Later, Apple would unify their external drives to work cross-platform between the Macintosh and Apple II product lines, dropping the name "Macintosh" from the drives. You could do the scan process later, but I prefer to do it immediately, so the image'll be ready to go if I ever need it.The Macintosh External Disk Drive is the original model in a series of external 3 + 1⁄ 2-inch floppy disk drives manufactured and sold by Apple Computer exclusively for the Macintosh series of computers introduced in January 1984. Why "Scan Image for Restore"? So you can use Disk Utility's Restore feature to restore it to a disk later (or use the command-line asr tool to do the same thing). Including the empty space can cause trouble if you ever need to restore it to a smaller volume.
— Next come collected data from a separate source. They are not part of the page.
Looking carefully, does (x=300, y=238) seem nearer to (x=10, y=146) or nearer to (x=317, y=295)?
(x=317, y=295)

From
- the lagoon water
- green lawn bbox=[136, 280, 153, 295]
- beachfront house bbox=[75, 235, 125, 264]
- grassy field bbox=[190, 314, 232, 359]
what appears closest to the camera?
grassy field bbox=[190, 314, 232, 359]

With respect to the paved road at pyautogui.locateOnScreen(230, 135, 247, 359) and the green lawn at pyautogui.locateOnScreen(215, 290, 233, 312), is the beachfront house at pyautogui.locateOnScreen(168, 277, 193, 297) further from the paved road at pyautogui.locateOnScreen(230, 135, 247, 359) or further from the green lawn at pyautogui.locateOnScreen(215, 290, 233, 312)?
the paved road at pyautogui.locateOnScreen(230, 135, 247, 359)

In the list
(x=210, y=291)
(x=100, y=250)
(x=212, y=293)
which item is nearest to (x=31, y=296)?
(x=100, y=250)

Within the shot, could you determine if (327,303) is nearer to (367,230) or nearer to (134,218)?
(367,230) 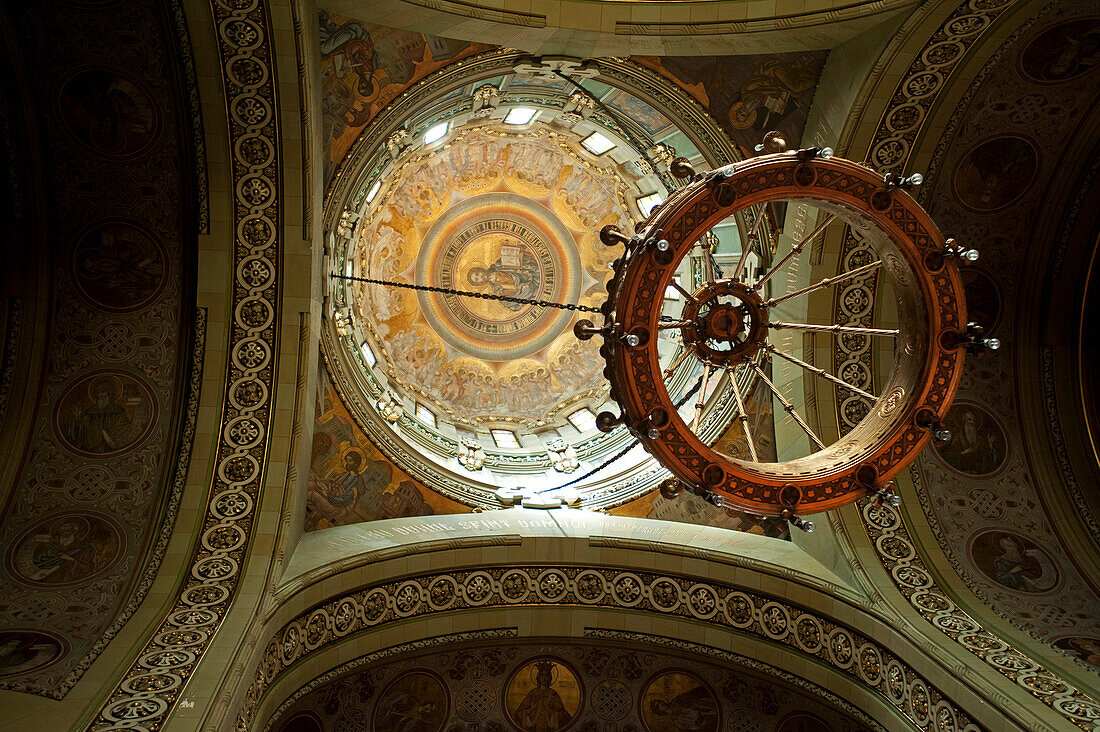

It also makes the image just big enough for the files, since it doesn't include all the empty space in the original volume. if the original was bootable, you can restore the image and the result will be bootable). Why image "from Folder" rather than from the device? Because it creates a cleaner image (files all defragmented, etc) but preserves everything that matters (i.e. Once it's finished, choose Images > Scan Image for Restore, and have that process the newly-created image. In the save dialog, make sure Image Format is set to Compressed, and it's best to save it somewhere local (and copy it to the NAS afterward). In my experience, the best way to image an HFS+ volume is to mount it (note: don't try to image the volume you're running from at the time), open Disk Utility, choose File menu > New Image > Image from Folder, and select the top level of the volume as the "folder" to image.

Apple disk archive mac os#

There's also a fixed-size read-write format, and a read-only (uncompressed) format, which'll store the same thing, but take up more space for no good reason.Īll the versions you mention will be in HFS+ (aka Mac OS Extended) format. which is pretty irrelevant for archived systems. The sparse formats are useful for when you want the image to be able to expand later, when you add to them. For archival images, I'd use the "compressed" format (which I think you'd consider "fixed", but it's one of a number of fixed-size formats).